START Records for the task
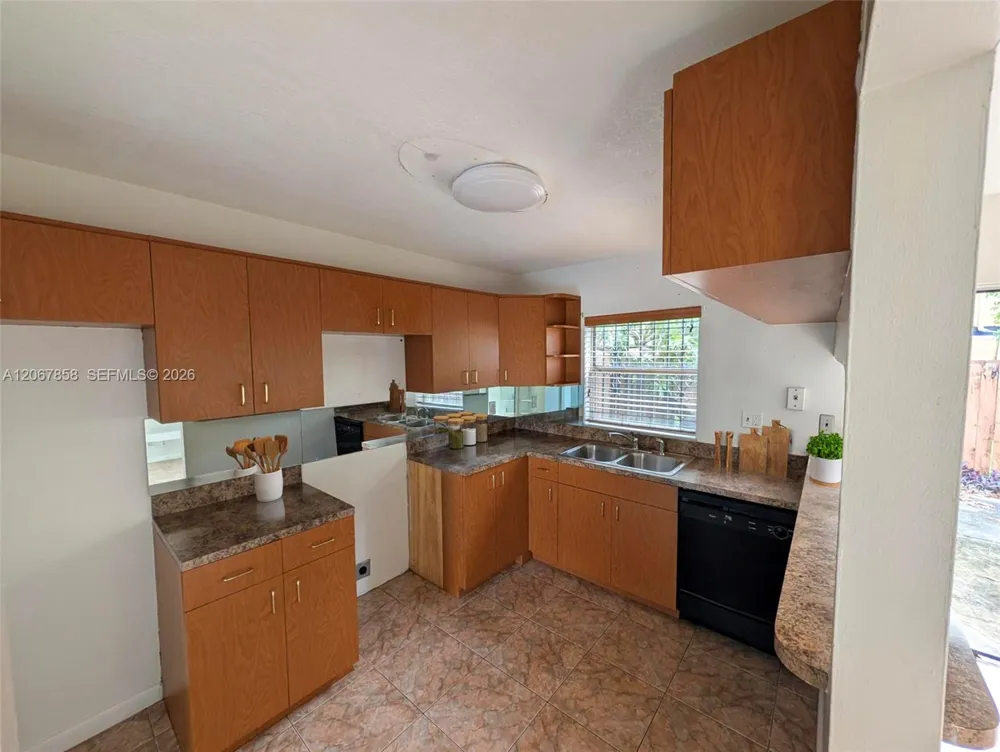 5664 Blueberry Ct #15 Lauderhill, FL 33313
END Records for the task
START Records for the task
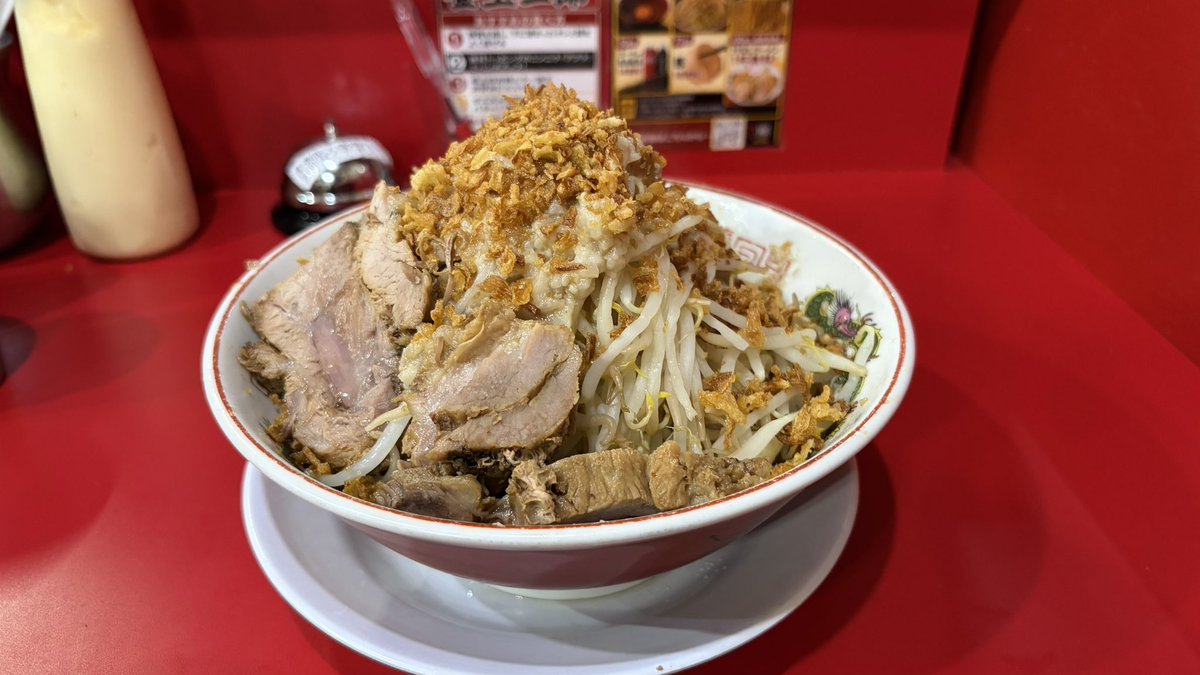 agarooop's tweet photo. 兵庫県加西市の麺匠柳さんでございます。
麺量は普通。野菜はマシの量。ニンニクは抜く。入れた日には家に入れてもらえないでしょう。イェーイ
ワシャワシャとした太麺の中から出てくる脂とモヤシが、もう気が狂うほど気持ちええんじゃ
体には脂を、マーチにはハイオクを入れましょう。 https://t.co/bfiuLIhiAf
END Records for the task
Give an exact copy of the lines above from the line with "ワシャワシャとした太麺の中か" up to and including the line with "体には脂を、マーチにはハイオ", and leave everything else out.

ワシャワシャとした太麺の中から出てくる脂とモヤシが、もう気が狂うほど気持ちええんじゃ
体には脂を、マーチにはハイオクを入れましょう。 https://t.co/bfiuLIhiAf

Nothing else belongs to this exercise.